Source data:
_ _ _ _ _ _ _

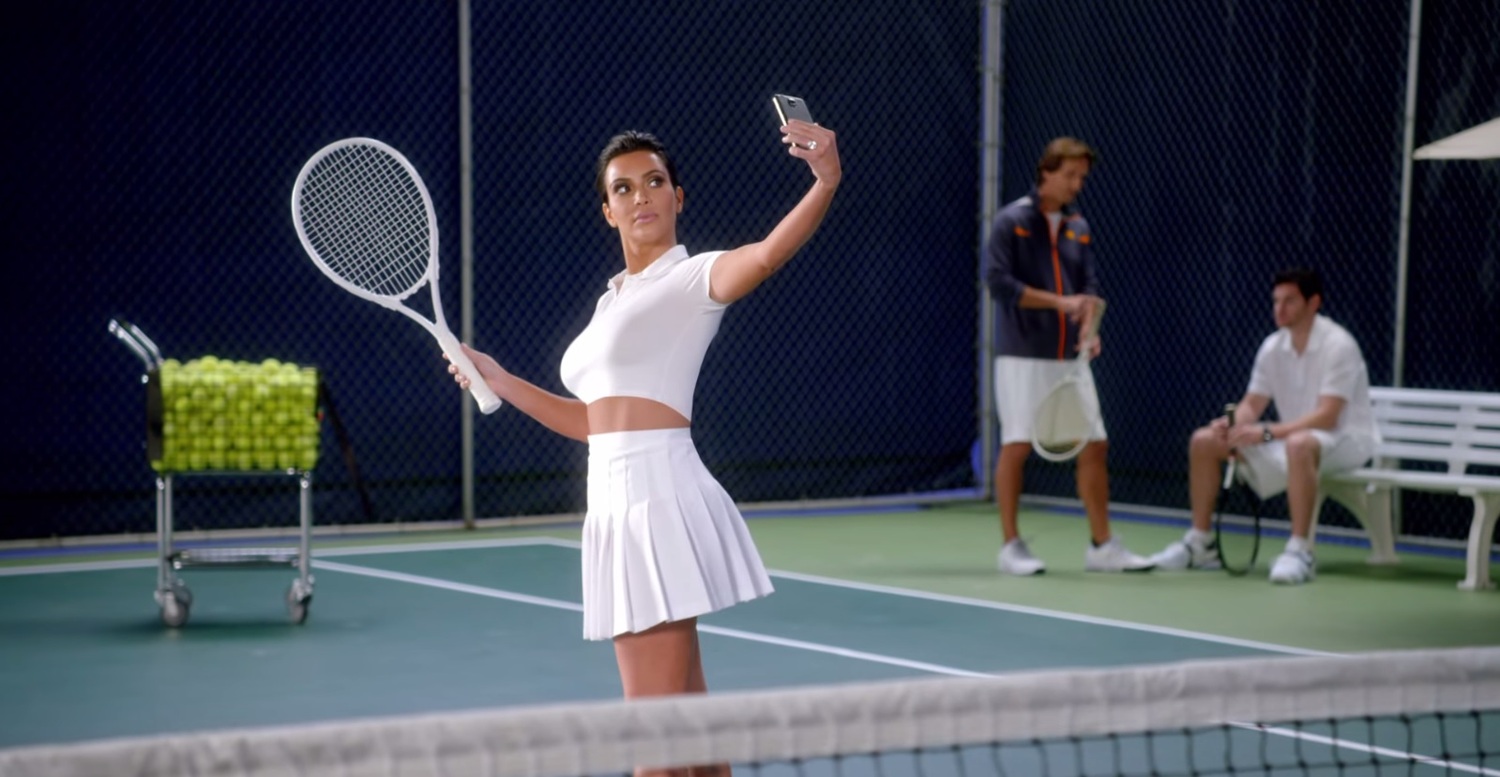 Kim Kardashian v reklamě na americký T-Mobile.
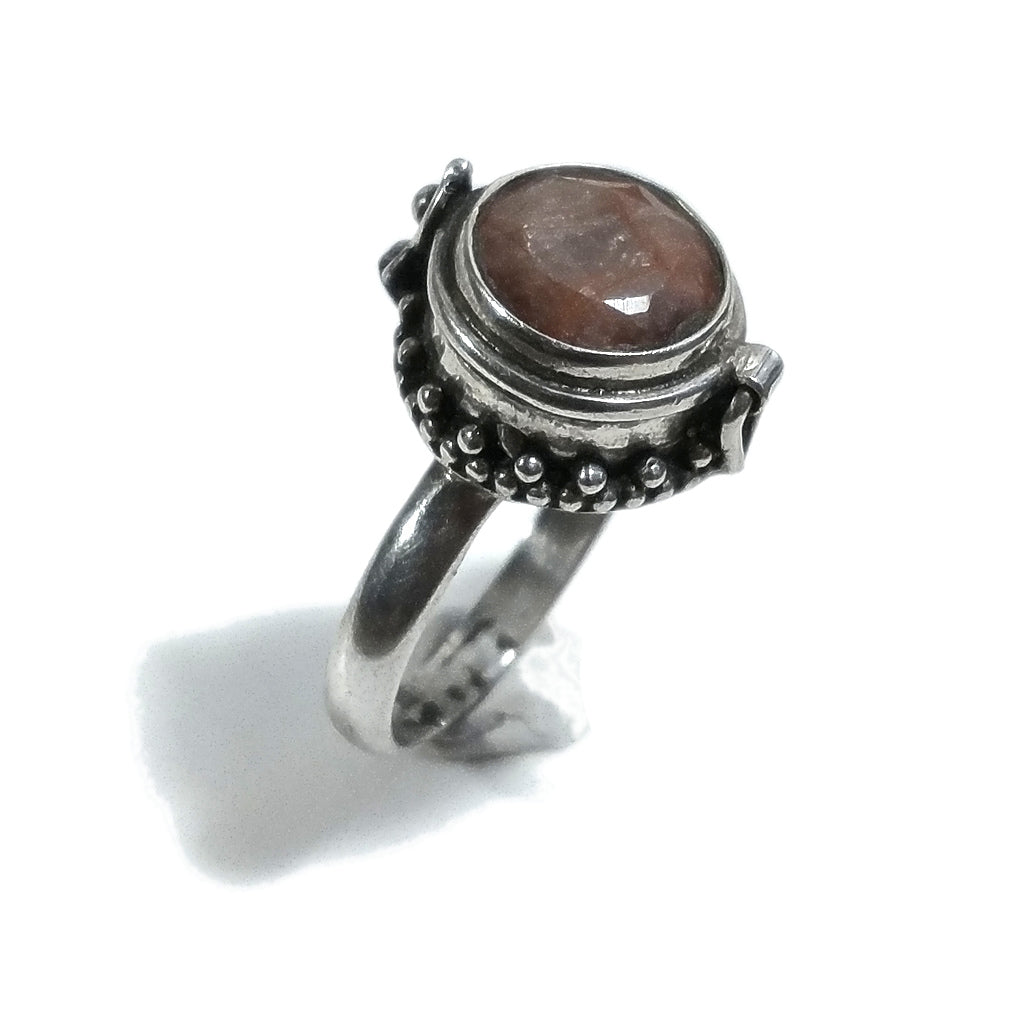 Giftring aus 925er Silber mit Rubinwurzel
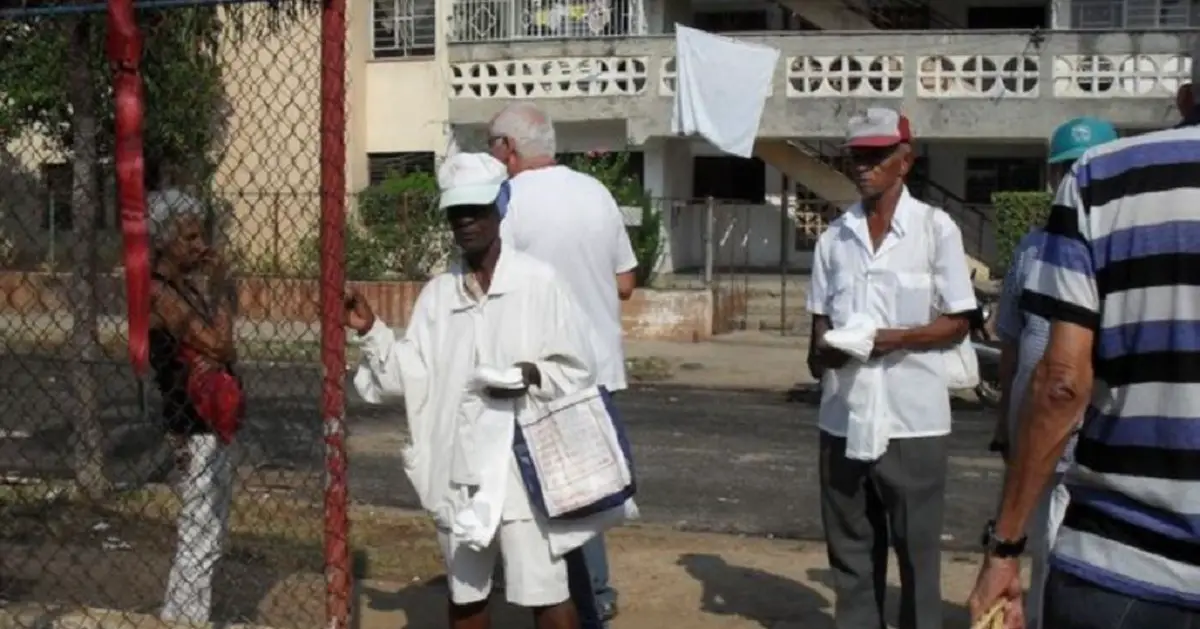 Vendedor de jabitas de nailon, recogedor de escombros y otros oficios en Cuba donde la pobreza obliga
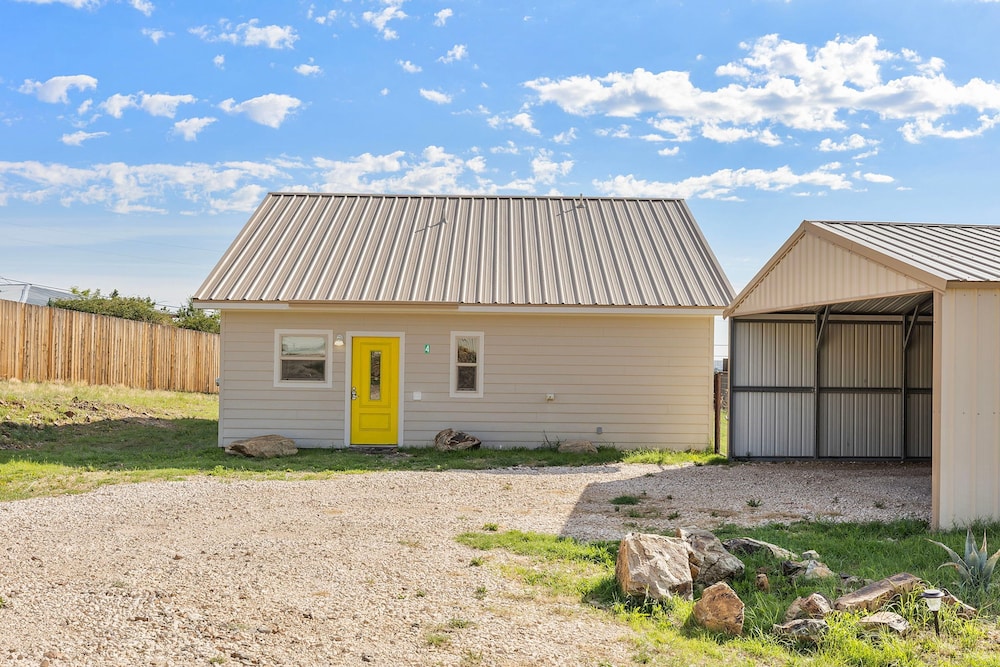 House photo 2
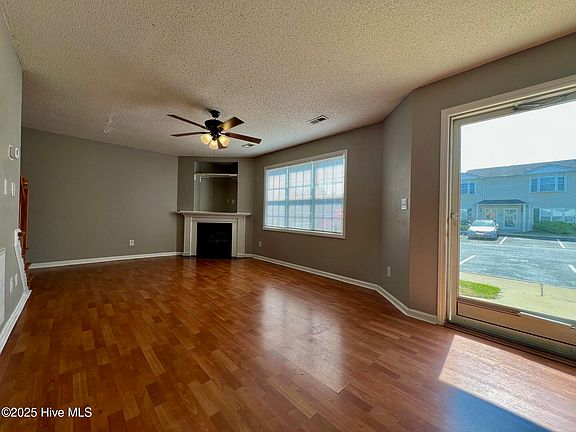 3rd image of 2345 Vineyard Drive #E6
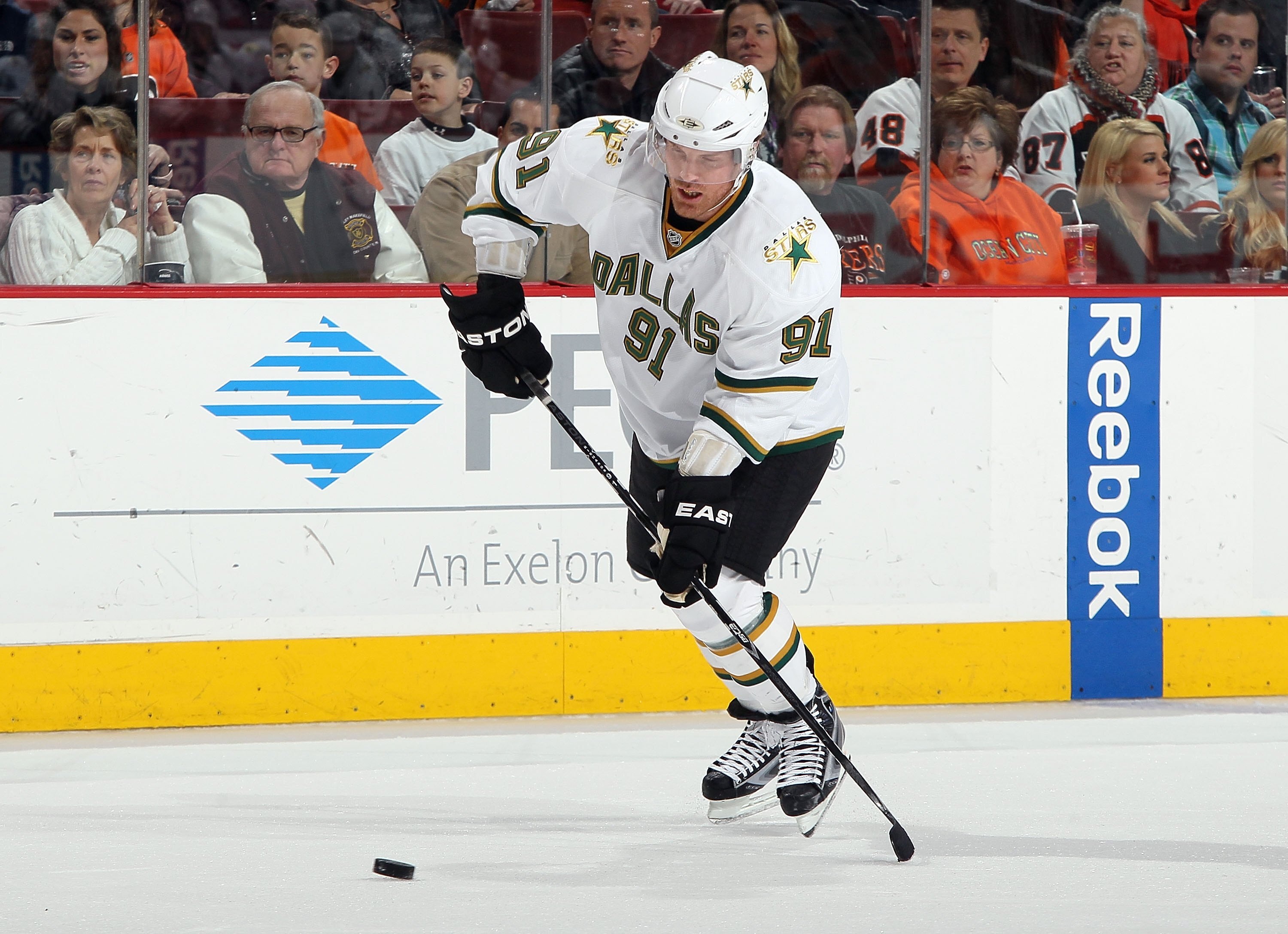 PHILADELPHIA, PA - FEBRUARY 05:  Brad Richards #91 of the Dallas Stars skates against the Philadelphia Flyers on February 5, 2011 at Wells Fargo Center in Philadelphia, Pennsylvania. The Flyers defeated the Stars 3-1.  (Photo by Jim McIsaac/Getty Images)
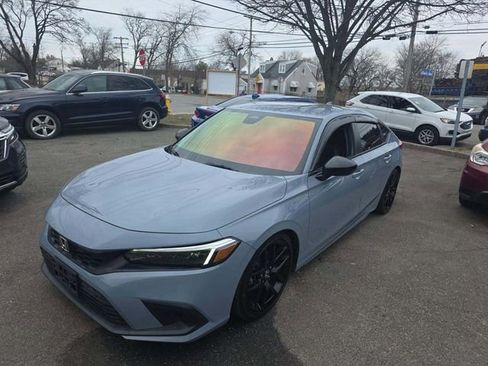 Used 2022 Honda Civic Sport image 2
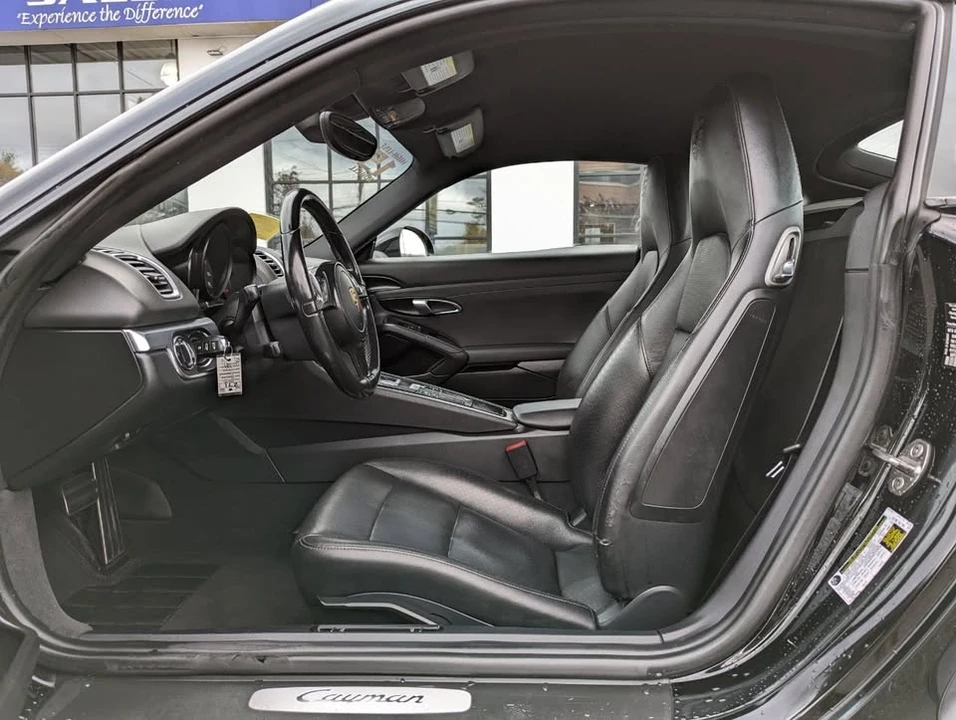 2015 Porsche 981 Cayman - Image 8 of 14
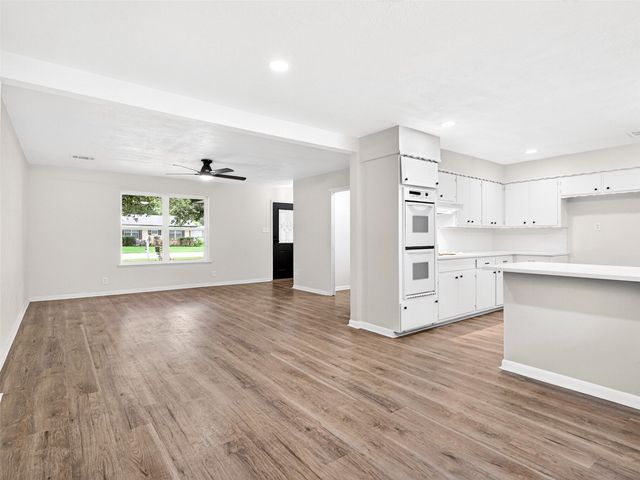 1011 Sheridan Lane, Cleburne, TX 76033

_ _ _ _ _ _ _

Goal of the exercise: Pictures excluded, output exactly the line that contains "House photo 2" and every line after it to the end of the data above.

Written answer:
 House photo 2
 3rd image of 2345 Vineyard Drive #E6
 PHILADELPHIA, PA - FEBRUARY 05:  Brad Richards #91 of the Dallas Stars skates against the Philadelphia Flyers on February 5, 2011 at Wells Fargo Center in Philadelphia, Pennsylvania. The Flyers defeated the Stars 3-1.  (Photo by Jim McIsaac/Getty Images)
 Used 2022 Honda Civic Sport image 2
 2015 Porsche 981 Cayman - Image 8 of 14
 1011 Sheridan Lane, Cleburne, TX 76033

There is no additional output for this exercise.